→ **Problem to solve**
Would you please repeat exactly the entries below, starting at the line with "Brechó da Chica map" and ending at the line with "FN:s högkommissarie för", and nothing outside that range? Leave out the pictures.

→ **Materials provided**
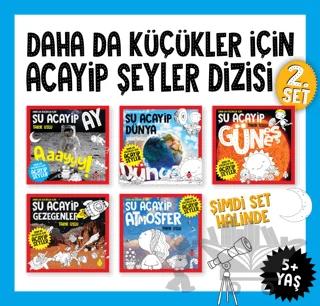 Daha Da Küçükler İçin Acayip Şeyler Seti 2 (5 Kitap)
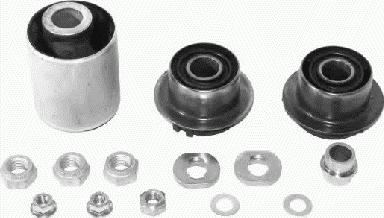 BOGE 88-160-S - Ремонтный комплект, рычаг подвески autospares.lv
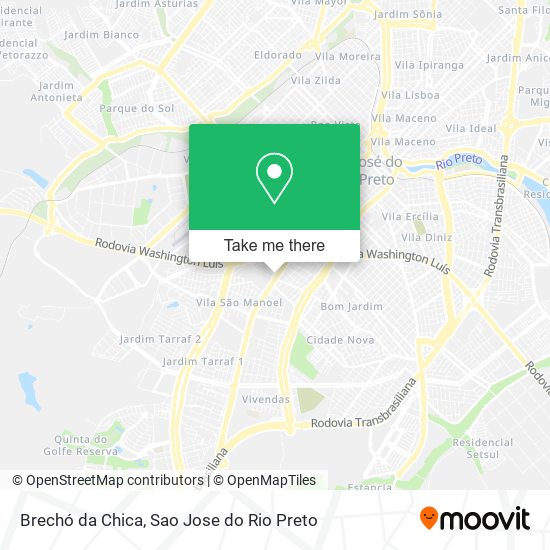 Brechó da Chica map
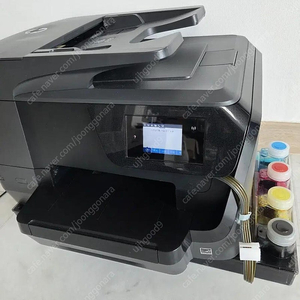 hp officejet 8710 무칲 카트리지 초대형 무한잉크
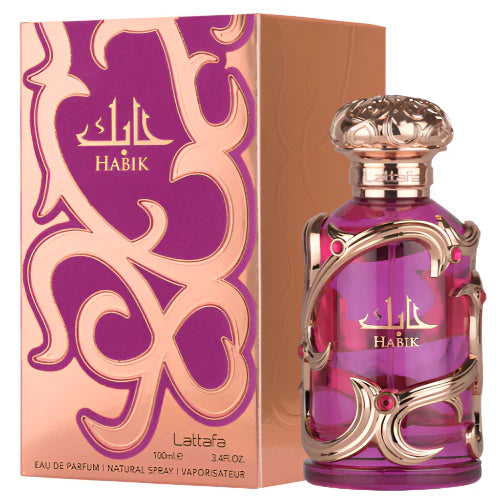 Habik For Women by Lattafa 3.4 Oz EDP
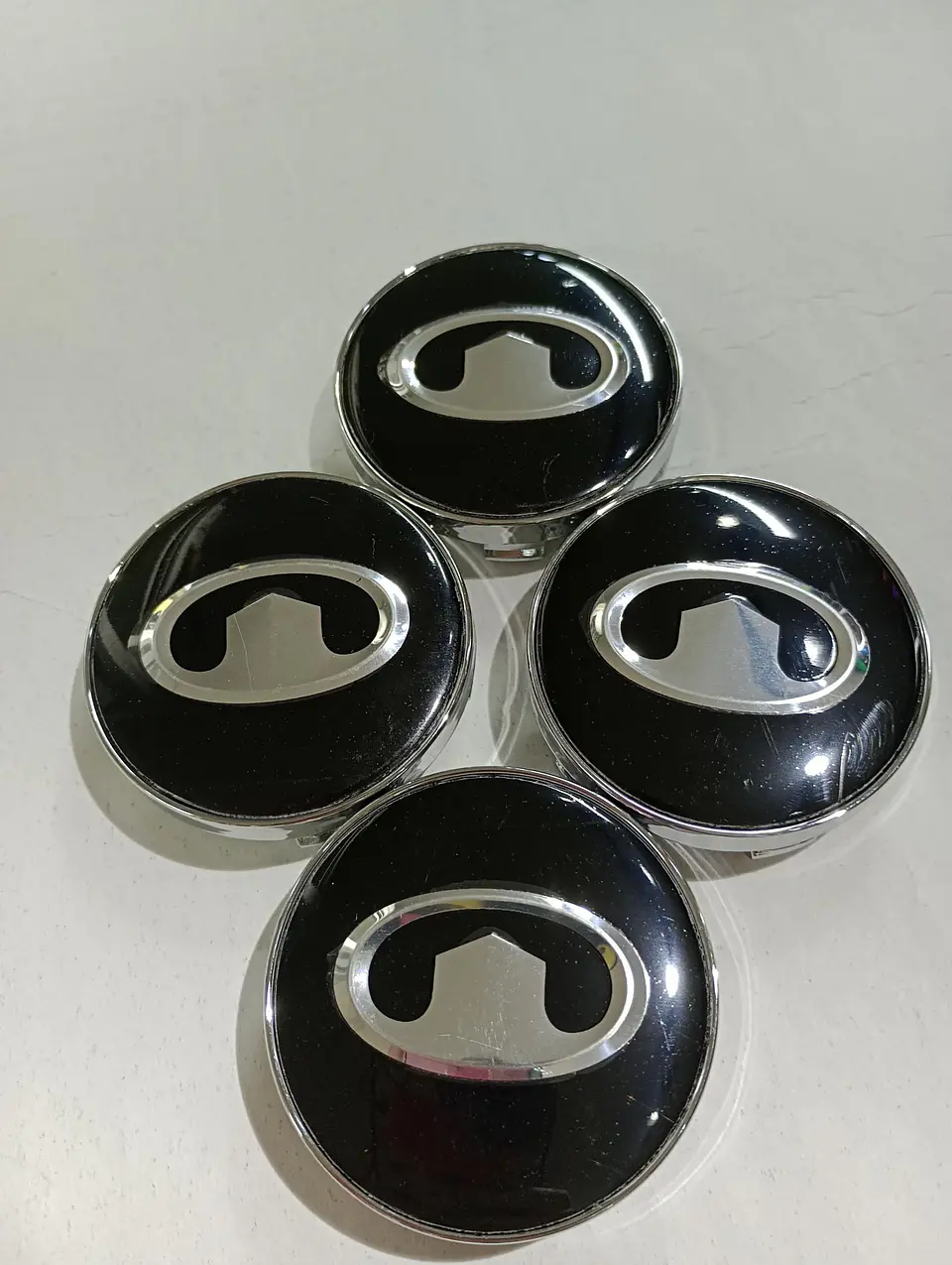 Set X4 Tapa centro de Llantas de autos universal Great Wall 13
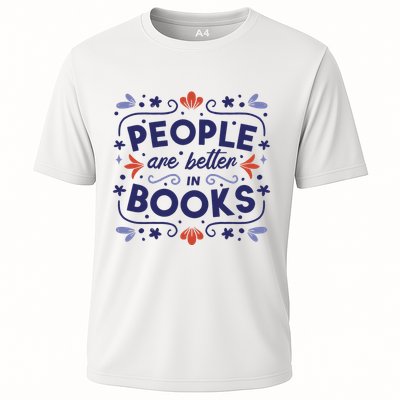 People Are Better In Books Performance Shirt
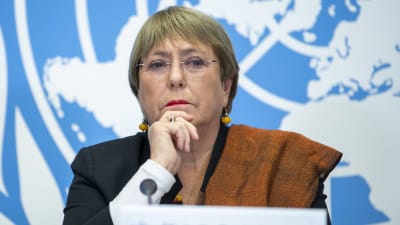 FN:s högkommissarie för mänskliga rättigheter Michelle Bachelet om konflikten i Tigray.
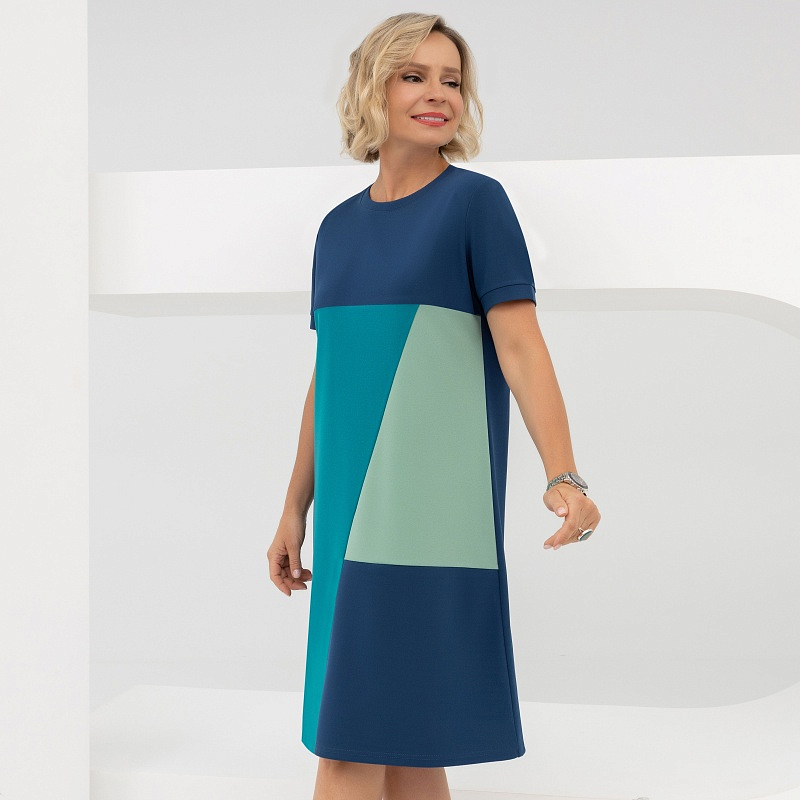 Платье Твое пространство. Состав: 95% п/э, 5% спандекс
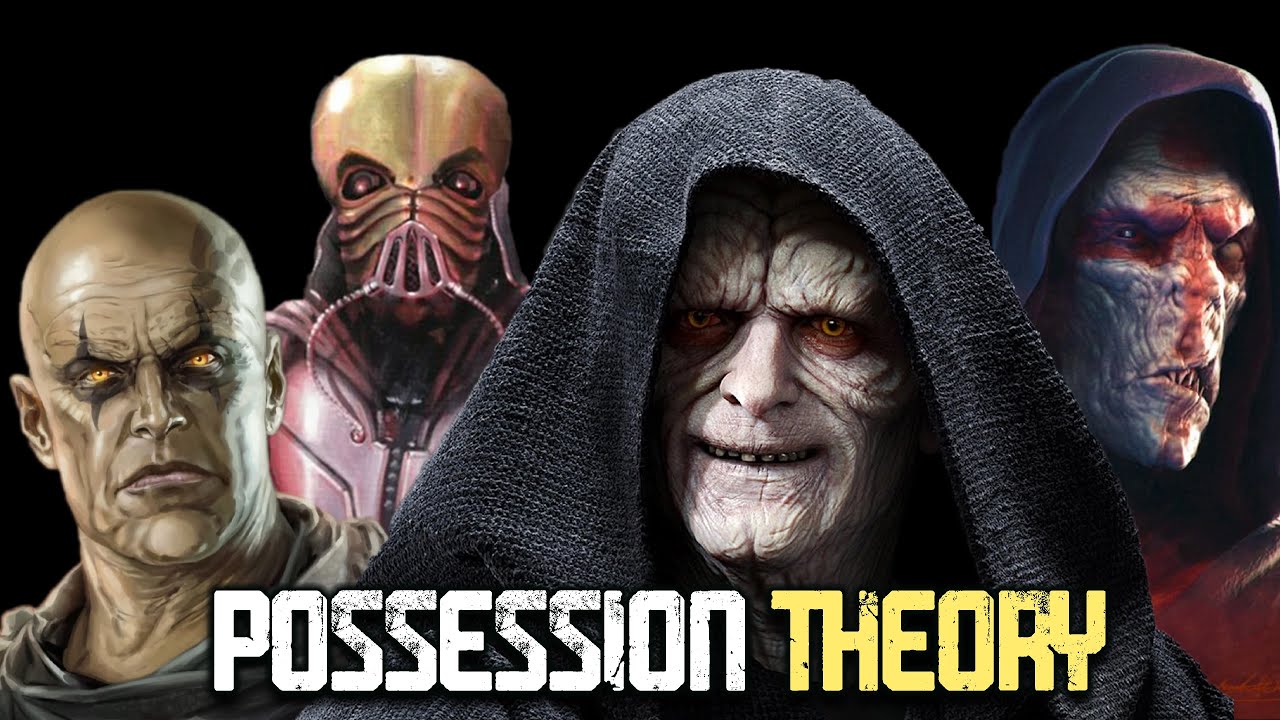 Was Palpatine Literally All the Sith? The Possession Theory 1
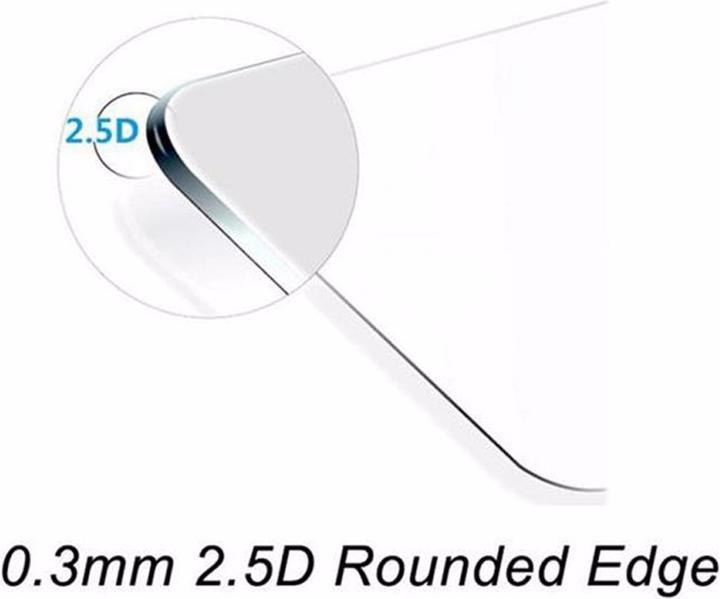Actual product image Cadorabo Display protection glass (1 Piece, Alcatel One Touch Pop C9)
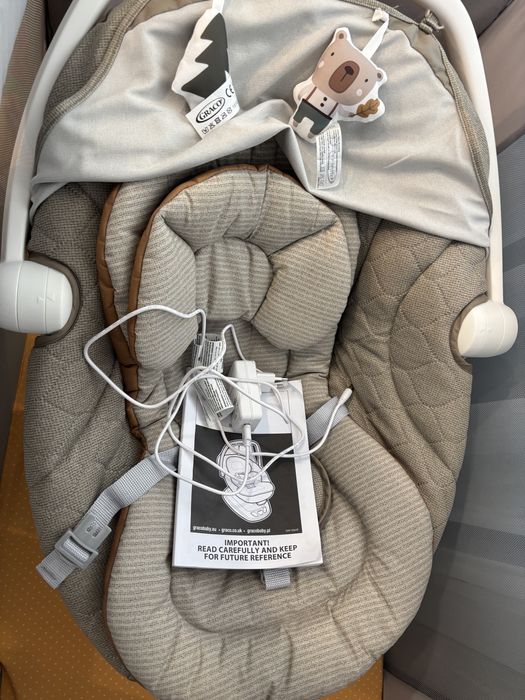 Balansoar Leagan Graco Move With Me Little Adventures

→ **Reply**
 Brechó da Chica map
 hp officejet 8710 무칲 카트리지 초대형 무한잉크
 Habik For Women by Lattafa 3.4 Oz EDP
 Set X4 Tapa centro de Llantas de autos universal Great Wall 13
 People Are Better In Books Performance Shirt
 FN:s högkommissarie för mänskliga rättigheter Michelle Bachelet om konflikten i Tigray.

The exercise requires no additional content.